Content starts

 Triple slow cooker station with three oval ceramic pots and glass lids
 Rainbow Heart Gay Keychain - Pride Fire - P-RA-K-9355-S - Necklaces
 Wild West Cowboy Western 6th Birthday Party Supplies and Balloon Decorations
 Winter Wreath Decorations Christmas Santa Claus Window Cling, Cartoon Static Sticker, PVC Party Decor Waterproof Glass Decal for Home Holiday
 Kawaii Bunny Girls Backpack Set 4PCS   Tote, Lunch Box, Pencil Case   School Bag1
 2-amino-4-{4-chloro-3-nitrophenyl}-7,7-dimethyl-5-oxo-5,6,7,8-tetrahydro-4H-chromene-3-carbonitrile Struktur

Content ends
Content starts

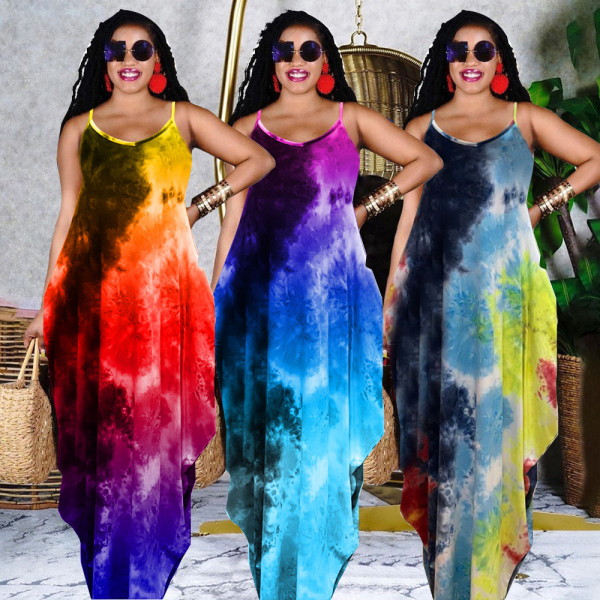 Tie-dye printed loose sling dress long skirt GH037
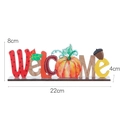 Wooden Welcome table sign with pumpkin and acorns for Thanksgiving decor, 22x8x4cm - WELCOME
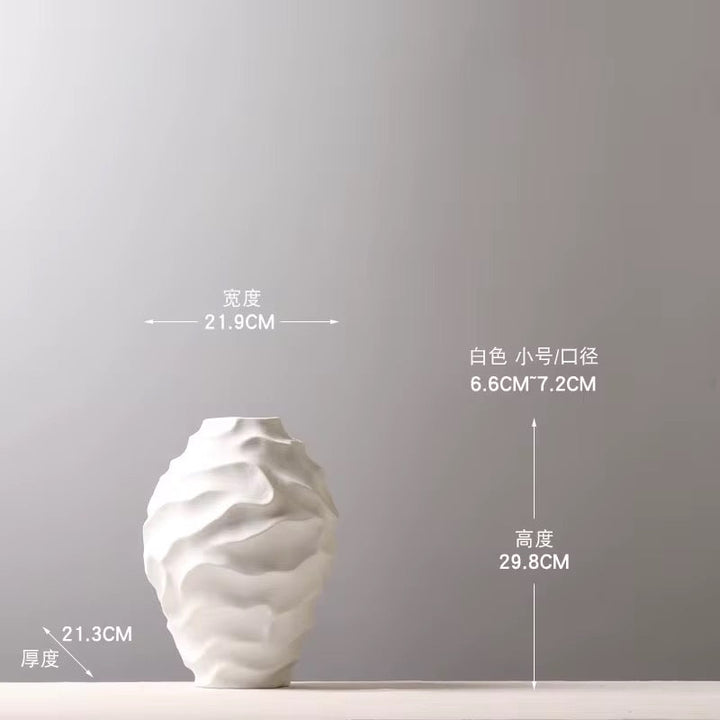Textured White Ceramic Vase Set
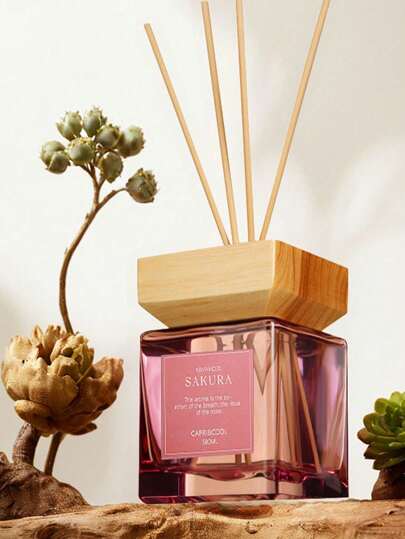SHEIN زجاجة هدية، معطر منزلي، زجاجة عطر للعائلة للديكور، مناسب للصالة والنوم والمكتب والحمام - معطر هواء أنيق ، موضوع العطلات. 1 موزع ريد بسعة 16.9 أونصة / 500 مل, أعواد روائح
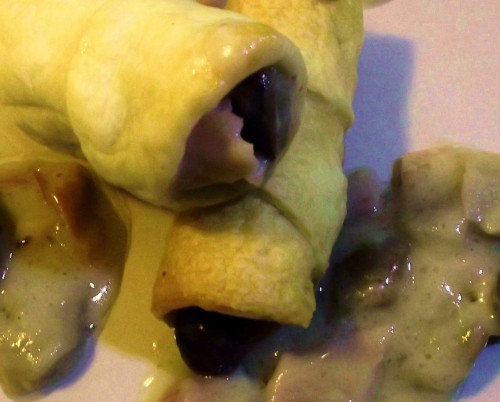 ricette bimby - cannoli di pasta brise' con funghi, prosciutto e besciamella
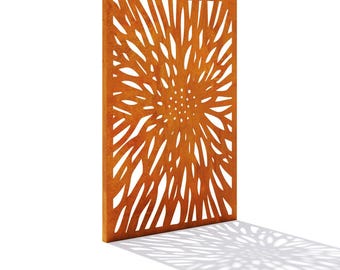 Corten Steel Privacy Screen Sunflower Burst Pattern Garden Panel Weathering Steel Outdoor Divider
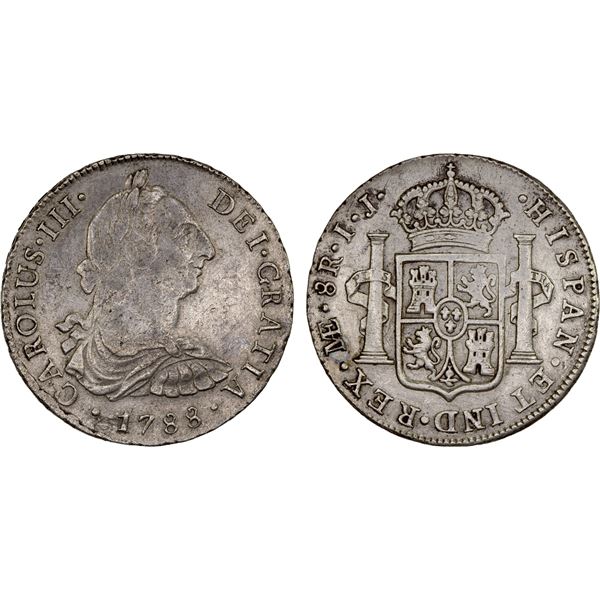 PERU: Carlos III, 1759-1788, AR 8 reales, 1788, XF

Content ends

Work order:
Look through the records above and please copy every line in which the string "Party" occurs.

Answer to the exercise:
 Wild West Cowboy Western 6th Birthday Party Supplies and Balloon Decorations
 Winter Wreath Decorations Christmas Santa Claus Window Cling, Cartoon Static Sticker, PVC Party Decor Waterproof Glass Decal for Home Holiday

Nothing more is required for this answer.